Before the dead begin walking, Shaun plays out like an episode of the British TV series Couples or one of the bittersweet entanglements in Love Actually.
Shaun (Simon Pegg) is an electronics store clerk who is as bored with his social life as he is with his dead-end job.
His idea of a night out is downing pints of beer at the local pub with his girlfriend, Liz (Kate Ashfield), and her best friends, Diane (Lucy Davis) and David (Dylan Moran).

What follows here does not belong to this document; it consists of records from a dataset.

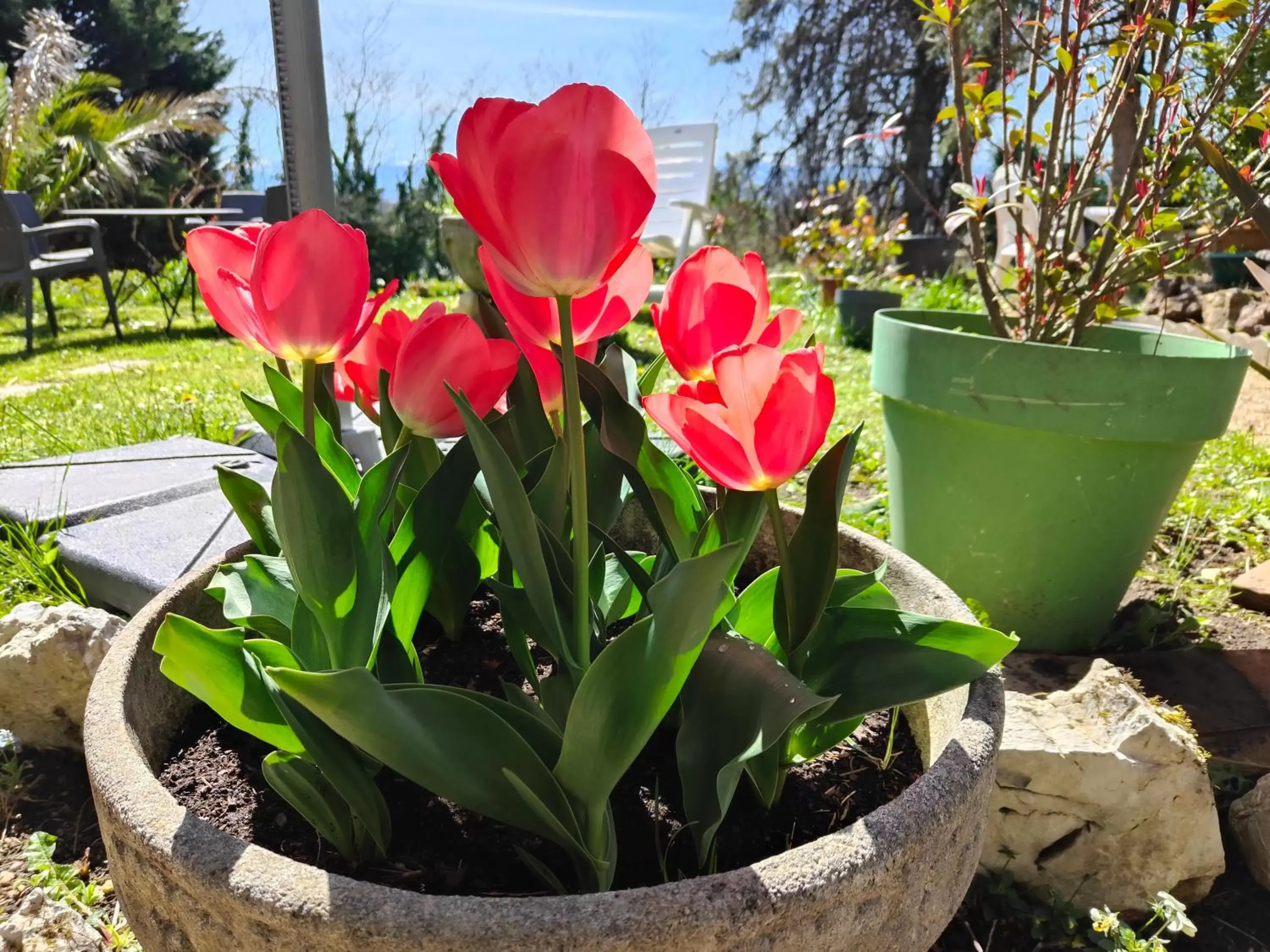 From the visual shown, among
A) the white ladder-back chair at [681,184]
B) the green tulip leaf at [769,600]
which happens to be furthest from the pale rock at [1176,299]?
the green tulip leaf at [769,600]

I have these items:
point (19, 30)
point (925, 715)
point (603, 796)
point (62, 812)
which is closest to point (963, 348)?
point (925, 715)

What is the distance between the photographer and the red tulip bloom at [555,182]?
0.45 metres

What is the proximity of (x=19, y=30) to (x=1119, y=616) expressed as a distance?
15.3m

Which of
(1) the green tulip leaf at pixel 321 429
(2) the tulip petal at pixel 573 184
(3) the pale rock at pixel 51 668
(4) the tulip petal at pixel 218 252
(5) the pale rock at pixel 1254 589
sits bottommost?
(5) the pale rock at pixel 1254 589

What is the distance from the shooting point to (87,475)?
1993 mm

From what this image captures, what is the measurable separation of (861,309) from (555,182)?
4890mm

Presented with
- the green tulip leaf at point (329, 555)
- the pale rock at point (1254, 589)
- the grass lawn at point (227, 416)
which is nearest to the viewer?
the green tulip leaf at point (329, 555)

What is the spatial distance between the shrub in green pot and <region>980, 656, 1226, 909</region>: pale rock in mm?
448

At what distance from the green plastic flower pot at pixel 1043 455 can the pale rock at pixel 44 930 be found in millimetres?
1321

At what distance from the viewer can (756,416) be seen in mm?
538

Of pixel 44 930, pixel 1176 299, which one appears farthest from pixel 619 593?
pixel 1176 299

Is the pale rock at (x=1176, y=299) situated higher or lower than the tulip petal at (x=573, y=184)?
lower

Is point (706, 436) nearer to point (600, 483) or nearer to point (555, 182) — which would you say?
point (555, 182)

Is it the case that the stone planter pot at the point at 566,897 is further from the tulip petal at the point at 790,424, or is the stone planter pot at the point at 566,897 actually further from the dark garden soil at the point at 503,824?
the tulip petal at the point at 790,424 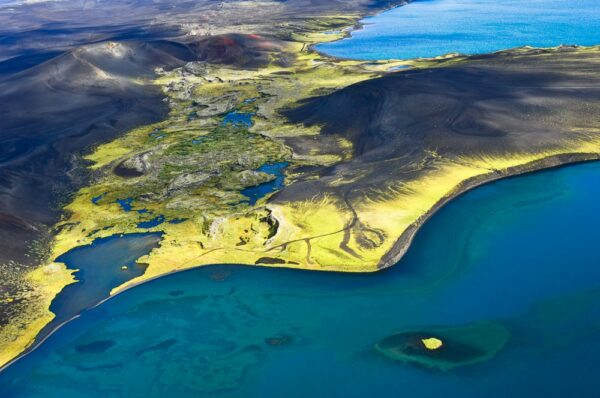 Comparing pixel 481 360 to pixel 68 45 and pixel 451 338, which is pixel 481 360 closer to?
pixel 451 338

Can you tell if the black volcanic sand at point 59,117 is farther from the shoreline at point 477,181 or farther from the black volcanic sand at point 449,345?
the black volcanic sand at point 449,345

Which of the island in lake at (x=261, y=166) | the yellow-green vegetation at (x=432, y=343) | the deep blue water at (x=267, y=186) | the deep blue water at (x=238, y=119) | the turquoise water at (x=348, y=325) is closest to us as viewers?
the turquoise water at (x=348, y=325)

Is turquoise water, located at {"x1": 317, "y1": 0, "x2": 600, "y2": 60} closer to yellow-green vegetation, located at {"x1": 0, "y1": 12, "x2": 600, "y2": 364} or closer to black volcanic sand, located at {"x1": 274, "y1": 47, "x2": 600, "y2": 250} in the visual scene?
black volcanic sand, located at {"x1": 274, "y1": 47, "x2": 600, "y2": 250}

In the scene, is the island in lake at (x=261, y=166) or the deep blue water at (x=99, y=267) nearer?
the deep blue water at (x=99, y=267)

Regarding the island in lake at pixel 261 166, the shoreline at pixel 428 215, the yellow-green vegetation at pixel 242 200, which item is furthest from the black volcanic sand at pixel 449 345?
the yellow-green vegetation at pixel 242 200

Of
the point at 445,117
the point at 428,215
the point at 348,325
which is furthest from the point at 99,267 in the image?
the point at 445,117

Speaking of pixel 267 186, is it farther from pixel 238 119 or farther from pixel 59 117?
pixel 59 117

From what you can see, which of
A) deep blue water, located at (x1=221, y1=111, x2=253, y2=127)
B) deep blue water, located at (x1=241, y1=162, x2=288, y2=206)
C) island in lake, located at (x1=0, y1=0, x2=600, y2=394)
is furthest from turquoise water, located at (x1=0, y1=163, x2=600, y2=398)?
deep blue water, located at (x1=221, y1=111, x2=253, y2=127)

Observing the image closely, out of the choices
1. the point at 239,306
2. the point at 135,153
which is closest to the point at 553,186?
the point at 239,306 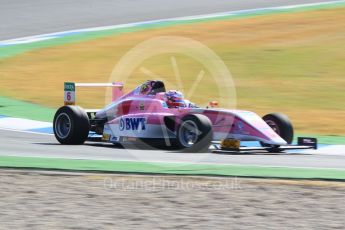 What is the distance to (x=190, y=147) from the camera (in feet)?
39.8

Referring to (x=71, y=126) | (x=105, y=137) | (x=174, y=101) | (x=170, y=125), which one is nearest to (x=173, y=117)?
(x=170, y=125)

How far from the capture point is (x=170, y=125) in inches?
497

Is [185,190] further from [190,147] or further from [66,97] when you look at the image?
[66,97]

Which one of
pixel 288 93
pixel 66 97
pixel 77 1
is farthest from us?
pixel 77 1

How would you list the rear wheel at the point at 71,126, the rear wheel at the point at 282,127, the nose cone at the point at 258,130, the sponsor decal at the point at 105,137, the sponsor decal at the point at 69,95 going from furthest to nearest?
the sponsor decal at the point at 69,95 < the sponsor decal at the point at 105,137 < the rear wheel at the point at 71,126 < the rear wheel at the point at 282,127 < the nose cone at the point at 258,130

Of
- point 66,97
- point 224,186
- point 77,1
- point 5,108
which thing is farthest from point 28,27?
point 224,186

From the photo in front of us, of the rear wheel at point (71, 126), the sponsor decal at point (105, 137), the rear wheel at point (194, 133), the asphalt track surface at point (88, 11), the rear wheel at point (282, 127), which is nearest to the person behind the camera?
the rear wheel at point (194, 133)

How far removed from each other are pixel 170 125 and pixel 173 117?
0.45 ft

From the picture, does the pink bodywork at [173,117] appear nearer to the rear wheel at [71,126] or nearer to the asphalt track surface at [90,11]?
the rear wheel at [71,126]

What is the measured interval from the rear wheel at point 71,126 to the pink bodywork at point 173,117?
0.45m

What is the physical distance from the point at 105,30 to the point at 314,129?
1317cm

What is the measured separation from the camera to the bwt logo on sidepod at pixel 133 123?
12805 mm

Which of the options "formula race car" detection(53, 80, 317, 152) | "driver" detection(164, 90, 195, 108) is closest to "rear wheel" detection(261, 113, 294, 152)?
"formula race car" detection(53, 80, 317, 152)

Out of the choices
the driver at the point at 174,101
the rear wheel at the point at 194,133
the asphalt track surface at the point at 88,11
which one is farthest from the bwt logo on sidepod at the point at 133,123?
the asphalt track surface at the point at 88,11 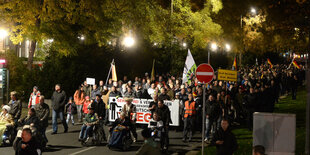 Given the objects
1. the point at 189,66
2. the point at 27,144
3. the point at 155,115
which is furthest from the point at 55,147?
the point at 189,66

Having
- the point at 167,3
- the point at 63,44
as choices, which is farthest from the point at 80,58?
the point at 167,3

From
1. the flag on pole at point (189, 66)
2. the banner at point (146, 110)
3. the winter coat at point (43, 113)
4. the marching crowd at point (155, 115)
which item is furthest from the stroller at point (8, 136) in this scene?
the flag on pole at point (189, 66)

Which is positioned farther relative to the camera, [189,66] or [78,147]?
[189,66]

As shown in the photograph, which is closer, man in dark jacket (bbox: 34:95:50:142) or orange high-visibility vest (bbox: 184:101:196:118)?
man in dark jacket (bbox: 34:95:50:142)

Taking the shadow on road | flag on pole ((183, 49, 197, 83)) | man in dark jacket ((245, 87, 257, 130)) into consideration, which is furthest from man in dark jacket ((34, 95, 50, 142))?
flag on pole ((183, 49, 197, 83))

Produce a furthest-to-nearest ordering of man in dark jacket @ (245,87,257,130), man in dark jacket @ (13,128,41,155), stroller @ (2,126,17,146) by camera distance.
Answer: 1. man in dark jacket @ (245,87,257,130)
2. stroller @ (2,126,17,146)
3. man in dark jacket @ (13,128,41,155)

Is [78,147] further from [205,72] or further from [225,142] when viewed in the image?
[225,142]

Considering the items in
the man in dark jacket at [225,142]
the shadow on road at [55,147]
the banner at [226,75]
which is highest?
the banner at [226,75]

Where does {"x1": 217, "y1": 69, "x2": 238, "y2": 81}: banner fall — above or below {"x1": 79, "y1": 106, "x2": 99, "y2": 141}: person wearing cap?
A: above

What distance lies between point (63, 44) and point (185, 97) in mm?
10977

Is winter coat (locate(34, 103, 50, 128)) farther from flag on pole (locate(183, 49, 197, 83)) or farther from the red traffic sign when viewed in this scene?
flag on pole (locate(183, 49, 197, 83))

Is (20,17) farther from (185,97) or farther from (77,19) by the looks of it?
(185,97)

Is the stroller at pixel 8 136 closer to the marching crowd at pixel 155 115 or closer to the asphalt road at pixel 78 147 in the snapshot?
the marching crowd at pixel 155 115

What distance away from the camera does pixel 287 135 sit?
8305 millimetres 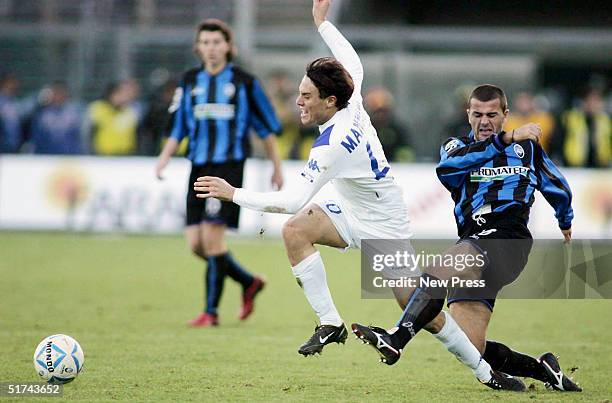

Shaun is so clueless he can't see that Diane has a crush on him and that David is madly in love with Liz.
Everyone except Shaun is fed up with the boorish antics of the group's fifth wheel, Shaun's obnoxious roommate Ed (Nick Frost).
In fact, when we follow Shaun through a day in his life, we see that he, his neighbours and co-workers function like zombies.
They shuffle aimlessly through life, so it's no wonder Shaun doesn't realize London has been stricken with a plague that really does turn people into walking corpses.
The genius of Shaun of the Dead is that it makes the transition from comedy to parody to gross-out horror so seamlessly.
The actual switch involves a couple who are necking outside Shaun's favourite pub when he enters, but devouring one another as he exits.
It's a moment that triggers a barrage of great laughs and some thrills before it dawns on Shaun and Ed that they've woken up in a nightmare inspired by George Romero's Dawn of the Dead.
At this point, the movie begins functioning like a serious zombie flick.
Shaun and Ed have to become heroes for the first time in their lives, rescuing Liz, David and Diane, as well as Shaun's mom and stepfather, who may or may not already be infected.
Like the legion of zombie hunters before them, Shaun and Ed discover they have to bash out the brains of their foes or sever the creatures' heads.
In true British spirit, Shaun uses a cricket bat.
In American zombie flicks, the heroes head for shopping malls or churches as a refuge.
Not these intrepid Brits.
They go to the pub like they always have, where they know there will be beer and snacks.
The final third of Shaun gets pretty gory, then attempts to redeem itself with an epilogue that returns it to the film's original spirit.
Shaun of the Dead has earned lavish praise from such people as Peter Jackson, Stephen King, Sam Raimi, Guillermo del Toro and even Romero himself.
It's not nearly as flawless, clever and scary as they'd have us believe, but it is most certainly a diverting little horror romp worth catching.
It definitely puts its creators, Pegg and Edgar Wright, on the radar as filmmakers to watch.